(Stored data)
==================================================
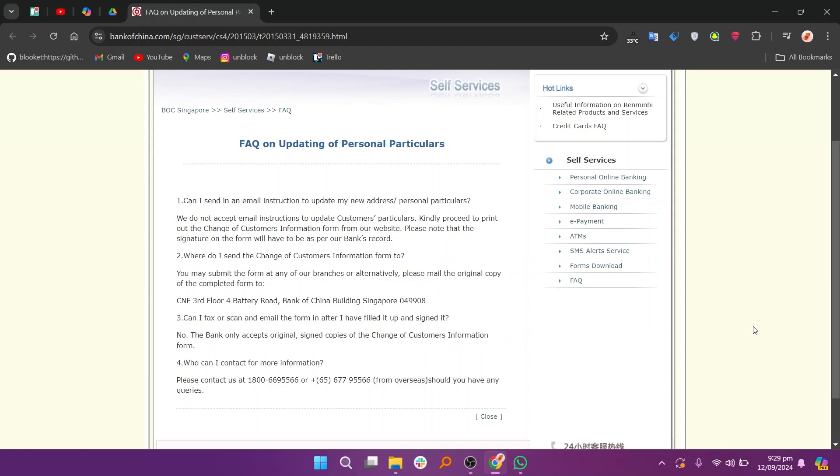Bank of China does not accept email instructions to update customers' particulars. You can proceed to print out the Change of Customers Information form from the website.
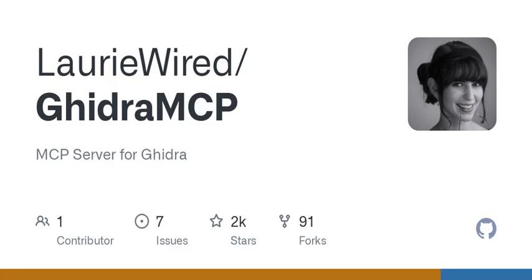Imagine you have a complex piece of software that you need to understand better, maybe for debugging or security analysis. With Ghidra MCP, you can decompile and analyze those binaries seamlessly. It's like giving your LLM its own set of tools to dissect code and figure out what's happening under the surface.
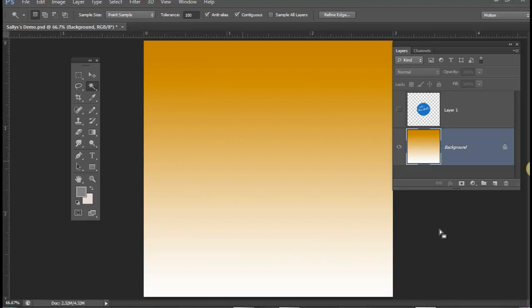Hello everyone, this is Jim Delapine and I thought I'd do this brief demo tutorial on talking about some basic functions in Photoshop with regards to a few tools.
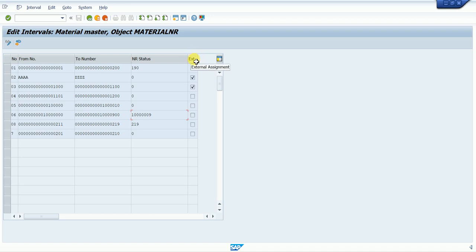There are two types: internal and external. For internal numbers, we don't click on the external checkbox. Internal means the system automatically assigns the next number based on the range we have given.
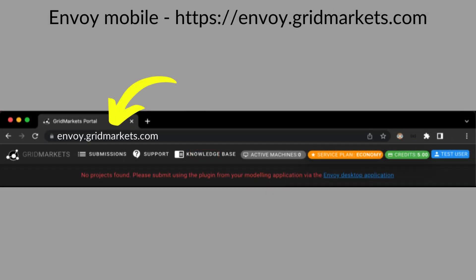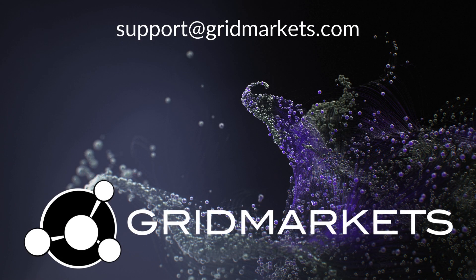Access Envoy away from your desk at envoy.gridmarkets.com, though you will not be able to upload or download any files — only view them. Contact us at support@gridmarkets.com if you have any questions.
==================================================
--- WHAT IS REQUIRED ---
Repeat exactly the lines from the one containing "There are two" to the last line of the data above, both included, and write no pictures into the copy.

--- ANSWER SECTION ---
There are two types: internal and external. For internal numbers, we don't click on the external checkbox. Internal means the system automatically assigns the next number based on the range we have given.
Access Envoy away from your desk at envoy.gridmarkets.com, though you will not be able to upload or download any files — only view them. Contact us at support@gridmarkets.com if you have any questions.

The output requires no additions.